Roll of Thunder, Hear My Cry Introduction

Get ready to add this one to your "I Support Banned Books" reading list.

We're not going to lie to you. Set in 1933 rural Mississippi, this book deals with a rough subject, its characters use racially charged language, and Mildred D. Taylor pulls no punches in telling her story about nine-year-old Cassie Logan and her brothers. She follows the Logan family as they deal with a school year's worth of racial inequality and injustice, fight against Mr. Granger to keep their land, and organize a boycott of the local store owned by violent men who commit racially motivated murders.

You know, a little light beach reading.

Roll of Thunder, Hear My Cry was first published in 1976 and won the Newbery Medal for children's literature the following year. It's a sequel to a short novel that Taylor released in 1975, Song of the Trees. Several more novels also follow the Logan family's story: Let the Circle Be Unbroken (1981), The Road to Memphis (1990), The Well: David's Story (1995), and The Land (2001).

Despite Taylor's success, this book has made the American Library Association's list of the most frequently challenged books of the 21st century. To us here at Shmoop, that's a shiny badge of honor. Plus, she's in good company. Just check out some of the other titles that are guaranteed to get your friendly neighborhood over-controlling school board member all in a snit, including To Kill A Mockingbird and The Color Purple.

And check out what the author herself says about parents not wanting the book to be included in the school curriculum:

As a parent, I understand not wanting a child to hear painful words […] But also as a parent I do not understand trying to prevent a child from learning about a history that is part of America. (source)

And painful "history that is part of America" is exactly what Taylor tackles in this novel. No—it's not a pretty story with a happy ending all wrapped up nice and neat in a sparkly bow. Instead, Taylor's book makes our minds do some heavy lifting by confronting us with difficult and in-your-face topics like racism, inequality and poverty.

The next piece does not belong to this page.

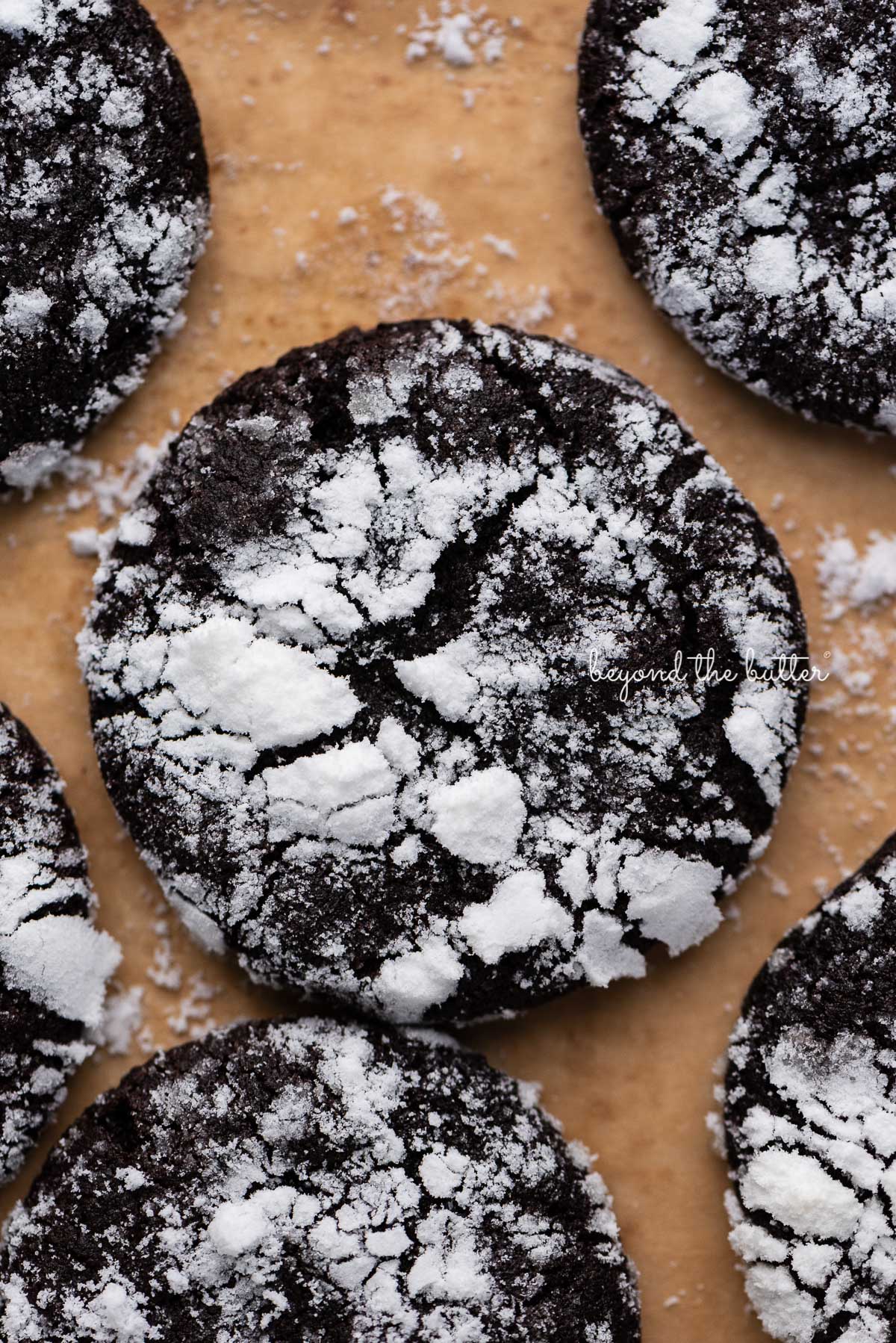 Closeup of dark chocolate crinkle cookie on a brown parchment paper lined baking sheet | © Beyond the Butter®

If the book banners consider this a bad thing, then we'll gladly give up our haloes.

 

What is Roll of Thunder, Hear My Cry About and Why Should I Care?

Raise your hand if you think racism and ugly things like segregation have all been taken care of in 21st-century America.

Okay—if you signaled "yes," then give yourself a nice, figurative forehead smack (but be gentle) with that same hand, because it's not entirely true.

So, why should you care about Roll of Thunder, Hear My Cry? Even though the action of the book goes down before the Civil Rights and Black Power movements, don't think that the U.S. is out of the woods quite yet. We here at Shmoop have put together just a small sampling of reasons why you should, indeed, care. Because:

• Some people still believe that interracial marriage is wrong.
• Segregation is alive and well. Take a look at this documentary on segregated proms in Mississippi, or these maps of segregation.
• The number of black men in prison is staggeringly high.

Are things better? Totally, and thankfully. But Roll of Thunder, Hear My Cry forces us to realize that maybe that painful history isn't quite as historical as we'd like it to be.